Existing EU Commission plans to reduce exclusivities run the risk of providing those protections with too many strings attached. One such example is the potential loss of exclusivity protection of a medicine if it is not launched simultaneously in all EU countries; this requirement is virtually impossible to predict given the EU member countries’ patchwork of market access and pricing approval policies. Exclusivity periods are critical to ensure a return on the significant at-risk investment that is necessary to explore and establish the safety and efficacy of new medicines. Shortening exclusivity periods would reduce the opportunity to achieve a positive return on investment, and thus further compressing exclusivity periods would logically lead to more tempered and selective investments, resulting in less translation of science and innovation into potential new medicines.
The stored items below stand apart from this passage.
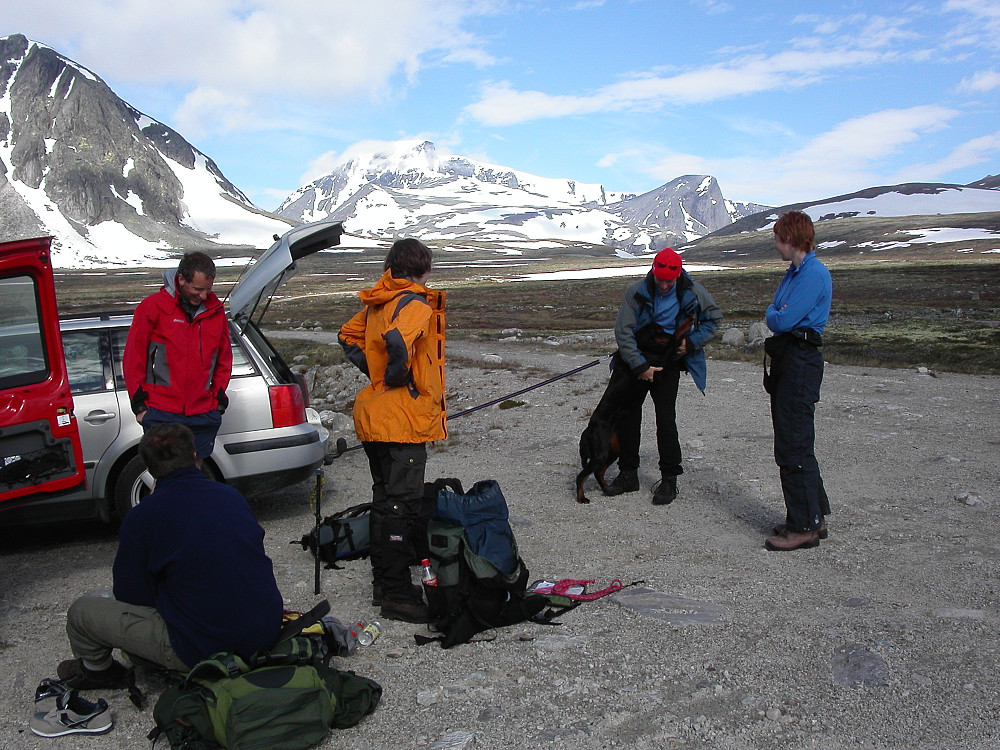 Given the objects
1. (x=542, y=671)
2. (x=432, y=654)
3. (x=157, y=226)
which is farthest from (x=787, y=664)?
(x=157, y=226)

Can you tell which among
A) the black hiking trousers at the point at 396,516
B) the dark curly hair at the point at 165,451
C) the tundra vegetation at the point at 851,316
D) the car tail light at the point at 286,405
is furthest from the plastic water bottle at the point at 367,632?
the tundra vegetation at the point at 851,316

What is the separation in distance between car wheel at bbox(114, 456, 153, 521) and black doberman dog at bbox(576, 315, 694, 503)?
357cm

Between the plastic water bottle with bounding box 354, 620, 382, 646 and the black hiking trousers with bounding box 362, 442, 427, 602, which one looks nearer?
the plastic water bottle with bounding box 354, 620, 382, 646

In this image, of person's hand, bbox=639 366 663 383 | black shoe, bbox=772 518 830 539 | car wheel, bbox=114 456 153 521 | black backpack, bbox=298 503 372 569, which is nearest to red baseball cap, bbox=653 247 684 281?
person's hand, bbox=639 366 663 383

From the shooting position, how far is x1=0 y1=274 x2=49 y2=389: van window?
454 cm

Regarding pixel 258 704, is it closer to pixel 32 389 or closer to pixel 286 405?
pixel 32 389

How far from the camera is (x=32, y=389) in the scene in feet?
15.0

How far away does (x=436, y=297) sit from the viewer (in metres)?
4.94

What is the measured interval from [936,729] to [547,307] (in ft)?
127

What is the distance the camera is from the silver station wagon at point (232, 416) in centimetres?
580

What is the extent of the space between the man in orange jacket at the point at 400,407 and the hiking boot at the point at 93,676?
56.5 inches

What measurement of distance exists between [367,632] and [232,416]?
253 centimetres

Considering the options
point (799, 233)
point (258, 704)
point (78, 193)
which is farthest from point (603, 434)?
point (78, 193)

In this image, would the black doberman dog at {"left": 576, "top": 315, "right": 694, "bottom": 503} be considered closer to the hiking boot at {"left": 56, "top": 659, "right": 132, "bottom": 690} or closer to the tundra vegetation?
the hiking boot at {"left": 56, "top": 659, "right": 132, "bottom": 690} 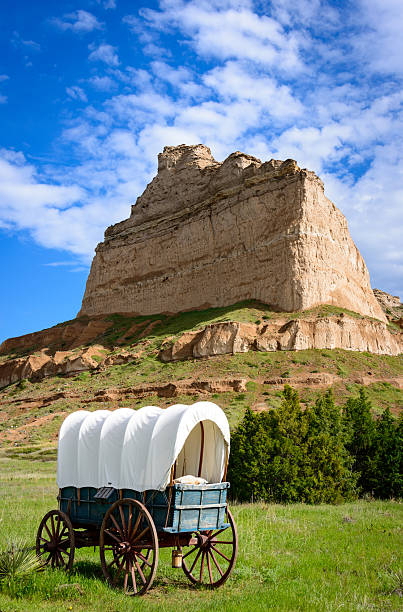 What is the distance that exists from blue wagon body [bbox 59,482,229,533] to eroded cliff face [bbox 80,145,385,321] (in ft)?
145

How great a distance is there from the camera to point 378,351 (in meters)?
51.0

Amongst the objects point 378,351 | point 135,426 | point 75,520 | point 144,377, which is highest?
point 378,351

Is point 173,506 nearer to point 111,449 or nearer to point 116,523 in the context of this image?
point 116,523

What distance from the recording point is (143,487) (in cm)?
872

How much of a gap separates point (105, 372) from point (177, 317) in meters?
13.5

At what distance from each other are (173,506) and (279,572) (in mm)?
2699

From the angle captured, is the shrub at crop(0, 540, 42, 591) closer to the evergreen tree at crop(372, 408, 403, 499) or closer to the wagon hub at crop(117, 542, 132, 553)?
the wagon hub at crop(117, 542, 132, 553)

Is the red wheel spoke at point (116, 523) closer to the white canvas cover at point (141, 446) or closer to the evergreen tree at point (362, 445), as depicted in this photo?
the white canvas cover at point (141, 446)

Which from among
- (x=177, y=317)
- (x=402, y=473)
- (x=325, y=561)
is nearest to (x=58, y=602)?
(x=325, y=561)

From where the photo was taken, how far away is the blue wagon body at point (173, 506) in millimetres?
8531

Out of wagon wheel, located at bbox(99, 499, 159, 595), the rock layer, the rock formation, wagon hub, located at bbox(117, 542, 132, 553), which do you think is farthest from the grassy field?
the rock formation

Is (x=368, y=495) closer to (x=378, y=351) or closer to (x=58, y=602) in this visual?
(x=58, y=602)

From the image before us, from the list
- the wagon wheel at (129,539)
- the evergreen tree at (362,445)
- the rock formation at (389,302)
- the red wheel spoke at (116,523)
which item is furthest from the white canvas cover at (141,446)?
the rock formation at (389,302)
The Commission’s Pharmaceutical Strategy and New European Innovation Agenda float some good and important proposals for supporting the life sciences industry, such as improving access to finance for European start-ups, futureproofing the European Medicine Agency’s market authorization system and supporting regional innovation valleys.  Yet, all these efforts risk being in vain if they are undermined by creating uncertainty in the incentives system.

EU pharmaceutical legislation is a chance to ensure that Europe steers companies’ investment decisions in a positive manner, so that our scientists and entrepreneurs can succeed in bringing next-generation treatments to Europe’s most vulnerable patients. But it is impossible to achieve strategic autonomy in health care without considering the health of the whole life sciences ecosystem.


[1] EFPIA. Would the last pharmaceutical investor in Europe please turn the lights out?, 2020.

[2] McKinsey & Company. Can European Biotechs achieve greater scale in a fragmented landscape?, 2021.

[3] Takebe T et al., Clin Transl Sci. 2018 Nov; 11(6): 597–606.

[4] Melchner von Dydiowa, G., van Deventer, S. & Couto, D.S. How large pharma impacts biotechnology startup success. Nat Biotechnol 39, 266–269 (2021).

[5] European Medicines Agency. Orphan Medicinal Products Designation, 2000-2021, 2022.